#### Requirement
Extract every entry word for word. Skip the pictures.

#### Dataset excerpts
+++++
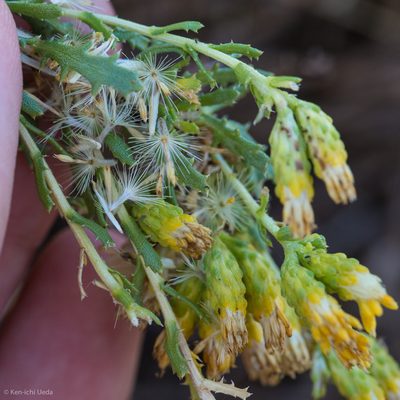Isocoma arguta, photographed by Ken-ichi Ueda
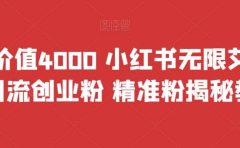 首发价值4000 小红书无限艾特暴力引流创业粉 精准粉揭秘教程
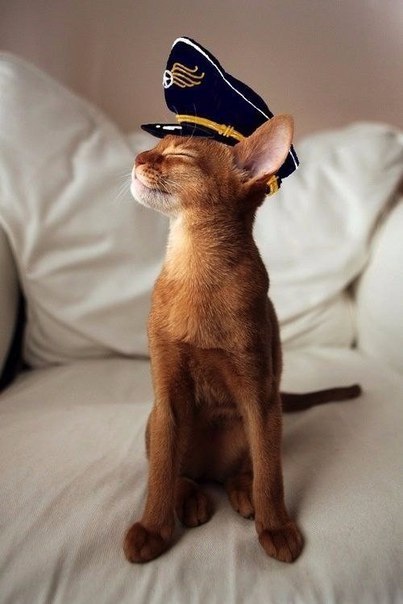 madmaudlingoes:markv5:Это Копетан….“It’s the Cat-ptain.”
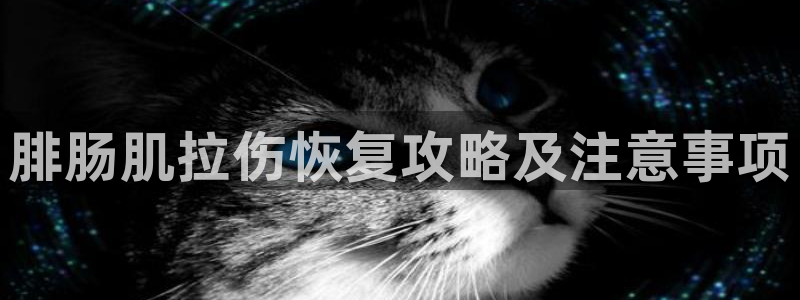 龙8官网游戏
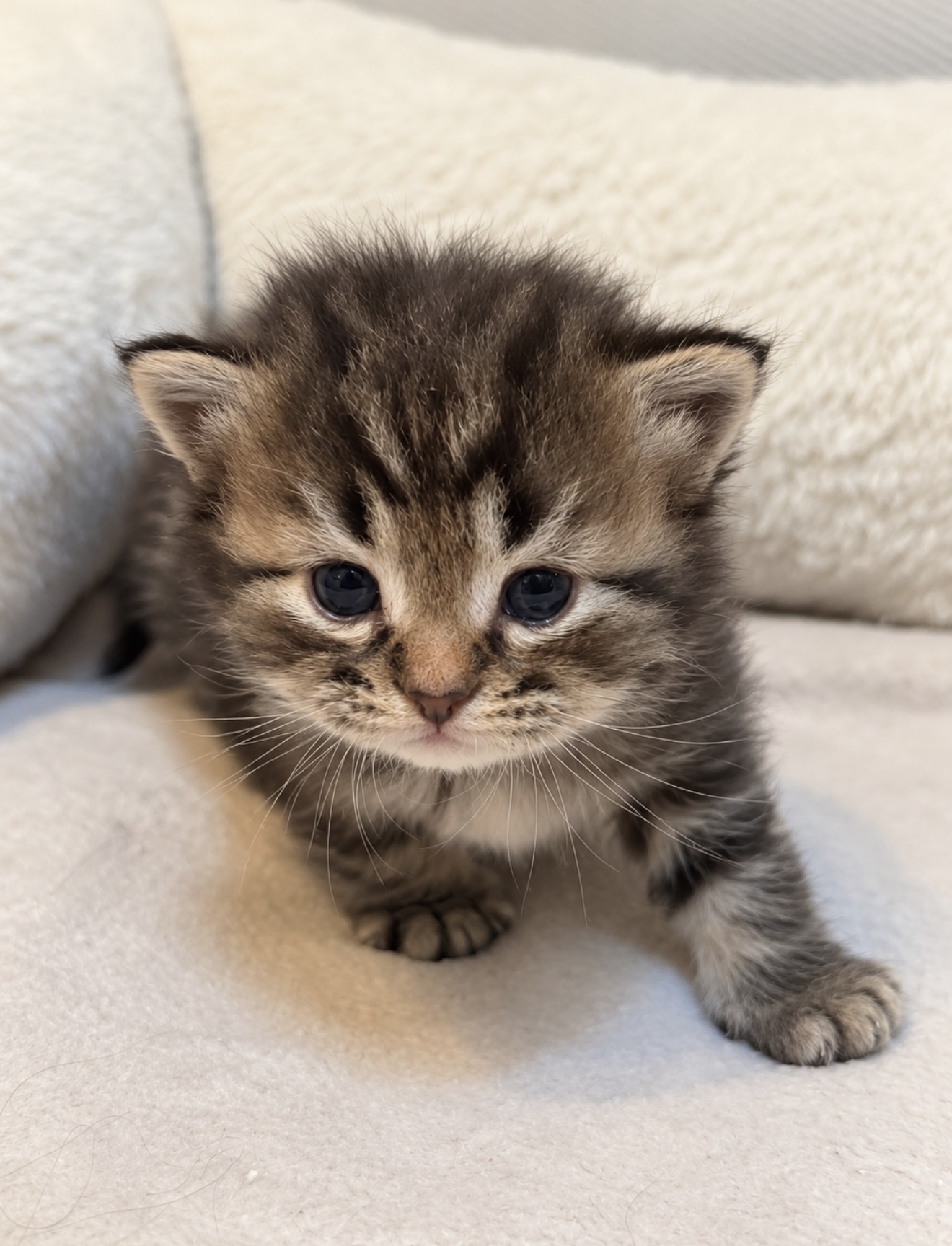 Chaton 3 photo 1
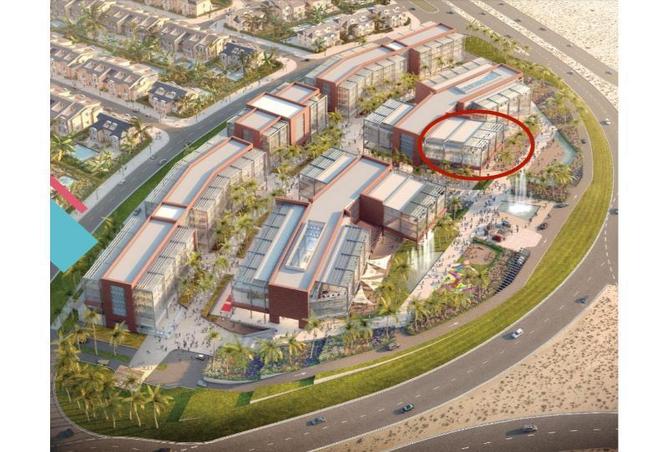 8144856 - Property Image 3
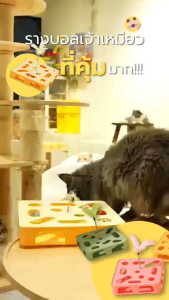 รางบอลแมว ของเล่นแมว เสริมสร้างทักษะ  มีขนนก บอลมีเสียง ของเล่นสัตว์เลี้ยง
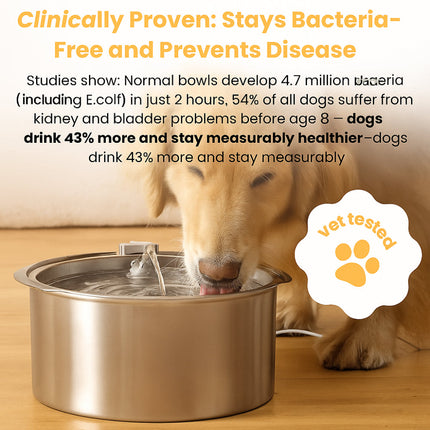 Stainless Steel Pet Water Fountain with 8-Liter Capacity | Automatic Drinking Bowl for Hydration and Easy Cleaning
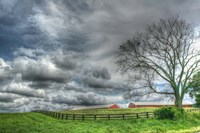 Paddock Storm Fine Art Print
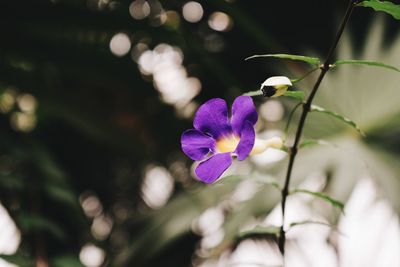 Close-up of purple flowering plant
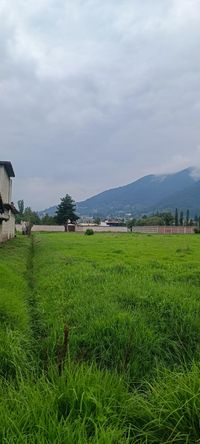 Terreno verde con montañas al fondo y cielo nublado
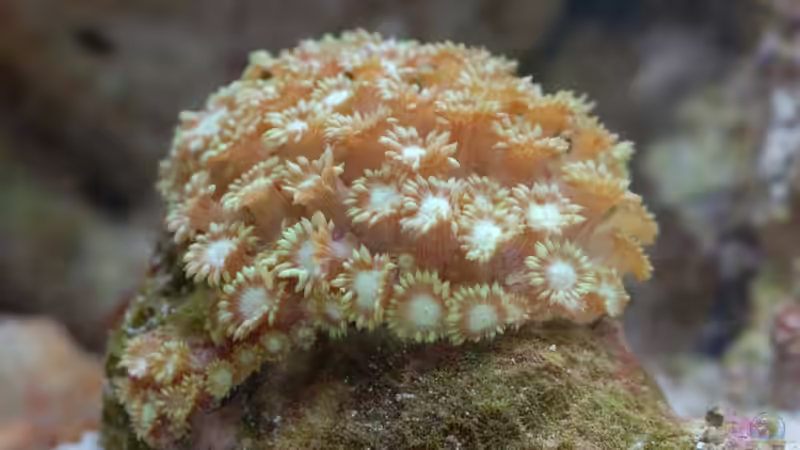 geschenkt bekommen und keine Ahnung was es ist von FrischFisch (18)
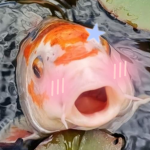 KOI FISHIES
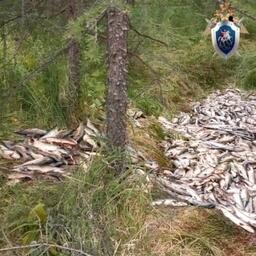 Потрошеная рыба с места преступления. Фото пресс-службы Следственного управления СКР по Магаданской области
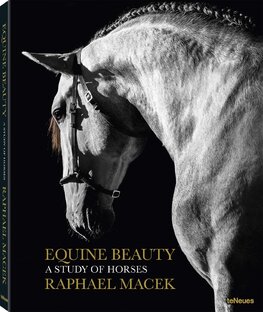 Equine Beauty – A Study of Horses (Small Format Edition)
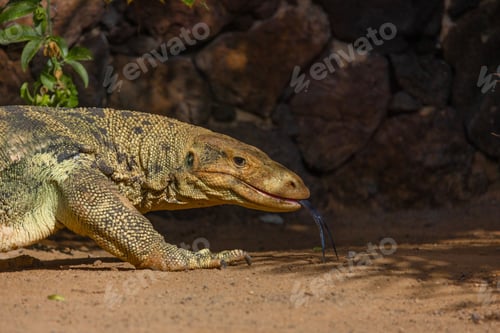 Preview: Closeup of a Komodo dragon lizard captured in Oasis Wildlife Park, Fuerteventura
+++++
#### Output of the task
Isocoma arguta, photographed by Ken-ichi Ueda
 首发价值4000 小红书无限艾特暴力引流创业粉 精准粉揭秘教程
 madmaudlingoes:markv5:Это Копетан….“It’s the Cat-ptain.”
 龙8官网游戏
 Chaton 3 photo 1
 8144856 - Property Image 3
 รางบอลแมว ของเล่นแมว เสริมสร้างทักษะ  มีขนนก บอลมีเสียง ของเล่นสัตว์เลี้ยง
 Stainless Steel Pet Water Fountain with 8-Liter Capacity | Automatic Drinking Bowl for Hydration and Easy Cleaning
 Paddock Storm Fine Art Print
 Close-up of purple flowering plant
 Terreno verde con montañas al fondo y cielo nublado
 geschenkt bekommen und keine Ahnung was es ist von FrischFisch (18)
 KOI FISHIES
 Потрошеная рыба с места преступления. Фото пресс-службы Следственного управления СКР по Магаданской области
 Equine Beauty – A Study of Horses (Small Format Edition)
 Preview: Closeup of a Komodo dragon lizard captured in Oasis Wildlife Park, Fuerteventura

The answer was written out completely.